▸ **PROBLEM DETAILS**
From the records below, please repeat exactly the line that has "Beige Babyhose aus", the line that has "Profile of a", and every line between them, and nothing else.

EXCERPTED DATA Block Start

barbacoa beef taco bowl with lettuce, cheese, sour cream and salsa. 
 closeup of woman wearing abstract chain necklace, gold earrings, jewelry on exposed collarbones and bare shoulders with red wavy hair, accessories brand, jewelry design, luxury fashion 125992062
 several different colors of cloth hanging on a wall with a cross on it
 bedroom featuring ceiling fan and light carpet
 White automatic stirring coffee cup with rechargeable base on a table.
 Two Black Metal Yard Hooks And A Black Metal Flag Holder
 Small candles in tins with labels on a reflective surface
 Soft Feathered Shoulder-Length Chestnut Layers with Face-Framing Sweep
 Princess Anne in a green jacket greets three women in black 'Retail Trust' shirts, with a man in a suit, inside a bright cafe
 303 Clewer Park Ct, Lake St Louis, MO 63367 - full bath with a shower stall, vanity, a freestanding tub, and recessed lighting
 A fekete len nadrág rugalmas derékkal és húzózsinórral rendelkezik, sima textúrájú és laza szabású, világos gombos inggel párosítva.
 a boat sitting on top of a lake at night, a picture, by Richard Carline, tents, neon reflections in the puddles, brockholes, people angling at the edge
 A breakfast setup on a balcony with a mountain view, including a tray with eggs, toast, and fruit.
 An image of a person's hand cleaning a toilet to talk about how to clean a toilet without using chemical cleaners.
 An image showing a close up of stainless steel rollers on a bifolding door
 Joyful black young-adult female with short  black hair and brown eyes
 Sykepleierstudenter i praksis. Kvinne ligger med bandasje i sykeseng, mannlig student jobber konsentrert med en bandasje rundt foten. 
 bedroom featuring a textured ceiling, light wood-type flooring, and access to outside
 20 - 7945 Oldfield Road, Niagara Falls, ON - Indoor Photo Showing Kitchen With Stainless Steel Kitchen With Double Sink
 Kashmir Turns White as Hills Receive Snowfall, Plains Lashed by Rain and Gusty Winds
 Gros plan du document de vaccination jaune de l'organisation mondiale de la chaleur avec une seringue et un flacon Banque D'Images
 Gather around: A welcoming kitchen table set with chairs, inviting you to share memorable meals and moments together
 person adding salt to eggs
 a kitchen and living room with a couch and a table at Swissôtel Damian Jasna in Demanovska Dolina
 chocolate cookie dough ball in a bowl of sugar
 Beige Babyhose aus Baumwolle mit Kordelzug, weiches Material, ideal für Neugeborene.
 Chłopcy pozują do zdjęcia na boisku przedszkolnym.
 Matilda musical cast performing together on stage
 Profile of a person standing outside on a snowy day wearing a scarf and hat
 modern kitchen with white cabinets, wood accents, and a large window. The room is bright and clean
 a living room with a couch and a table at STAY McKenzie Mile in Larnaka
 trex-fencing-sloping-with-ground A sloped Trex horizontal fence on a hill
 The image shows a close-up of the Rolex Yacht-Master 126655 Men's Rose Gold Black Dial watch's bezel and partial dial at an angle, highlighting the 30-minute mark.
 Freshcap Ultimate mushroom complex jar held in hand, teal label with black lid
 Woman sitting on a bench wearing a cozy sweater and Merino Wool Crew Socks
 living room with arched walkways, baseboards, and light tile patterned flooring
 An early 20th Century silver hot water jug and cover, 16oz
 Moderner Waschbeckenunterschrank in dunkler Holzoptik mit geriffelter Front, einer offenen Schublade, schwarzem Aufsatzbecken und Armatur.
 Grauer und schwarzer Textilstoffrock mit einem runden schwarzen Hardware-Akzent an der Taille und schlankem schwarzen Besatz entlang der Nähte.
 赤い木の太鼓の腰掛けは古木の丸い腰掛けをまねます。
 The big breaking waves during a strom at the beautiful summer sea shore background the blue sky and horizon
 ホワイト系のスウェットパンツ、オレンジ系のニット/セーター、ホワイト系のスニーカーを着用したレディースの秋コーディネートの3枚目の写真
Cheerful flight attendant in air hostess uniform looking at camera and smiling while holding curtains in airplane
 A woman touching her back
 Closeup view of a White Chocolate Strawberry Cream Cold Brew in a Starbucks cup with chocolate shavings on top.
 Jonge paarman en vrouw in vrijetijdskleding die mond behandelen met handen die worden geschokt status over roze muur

EXCERPTED DATA Block End

▸ **REPLY TO THE EXERCISE**
 Beige Babyhose aus Baumwolle mit Kordelzug, weiches Material, ideal für Neugeborene.
 Chłopcy pozują do zdjęcia na boisku przedszkolnym.
 Matilda musical cast performing together on stage
 Profile of a person standing outside on a snowy day wearing a scarf and hat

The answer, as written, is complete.